Northern Ireland hose pipe ban set to be lifted on Thursday
The hose pipe ban in place in Northern Ireland since the end of June is set to end.
The measure was introduced by Northern Ireland Water to prevent water shortages after the province enjoyed its warmest June in more than 150 years.
From midday Thursday normal service will resume, with hefty fines for overuse of water lifted.
CEO of NI Water Sara Venning thanked the public for a "fantastic response" to the appeal to decrease water use, adding the hose pipe ban had seen water use drop from three quarters of a billion litres a day - which is around 30% above average - down to near normal levels.
"This means our water treatment works, which were struggling to meet this exceptional demand with large scale water supply interruptions imminent, are now coping comfortably with demand," she said.
"This allows us to lift the hosepipe ban from noon tomorrow [Thursday].

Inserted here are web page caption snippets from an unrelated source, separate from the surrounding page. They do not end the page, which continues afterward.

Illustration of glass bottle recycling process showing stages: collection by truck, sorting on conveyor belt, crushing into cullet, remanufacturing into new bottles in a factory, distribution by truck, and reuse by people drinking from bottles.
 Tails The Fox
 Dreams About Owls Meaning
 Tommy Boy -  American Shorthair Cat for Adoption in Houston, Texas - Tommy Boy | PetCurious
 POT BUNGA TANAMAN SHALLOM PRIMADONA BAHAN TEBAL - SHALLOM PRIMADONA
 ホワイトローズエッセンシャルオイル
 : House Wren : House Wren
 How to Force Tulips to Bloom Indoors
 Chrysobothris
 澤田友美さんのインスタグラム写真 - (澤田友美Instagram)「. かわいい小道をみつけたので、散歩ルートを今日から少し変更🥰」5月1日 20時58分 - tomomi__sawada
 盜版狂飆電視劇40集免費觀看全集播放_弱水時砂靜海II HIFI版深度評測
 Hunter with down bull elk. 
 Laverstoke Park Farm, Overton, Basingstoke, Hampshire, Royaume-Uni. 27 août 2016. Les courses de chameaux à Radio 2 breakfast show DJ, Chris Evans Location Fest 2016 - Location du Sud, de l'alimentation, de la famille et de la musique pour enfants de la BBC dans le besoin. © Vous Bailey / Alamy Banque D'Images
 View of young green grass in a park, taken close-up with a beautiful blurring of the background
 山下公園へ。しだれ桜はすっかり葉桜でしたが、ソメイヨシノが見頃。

"We would stress, however, that a continued focus on water conservation is essential. Ideally we would like to see demand reduced still further or at least maintained at its present level to avoid the prospect of the ban having to be reintroduced. This is achievable if we continue to use water wisely."
Ms Venning encouraged the public to maintain the habits they had adopted during the hose pipe ban, and said the recent rainfall had been a "welcome development", but said they had "not been sufficient to have a positive impact on levels in many of our impounding reservoirs".
The lifting of Northern Ireland's hosepipe ban coincides with the introduction of the first hosepipe ban of the summer in England.
Company United Utilities has said a temporary ban will be introduced in the north-west of England from August 5 in order to "safeguard essential supplies".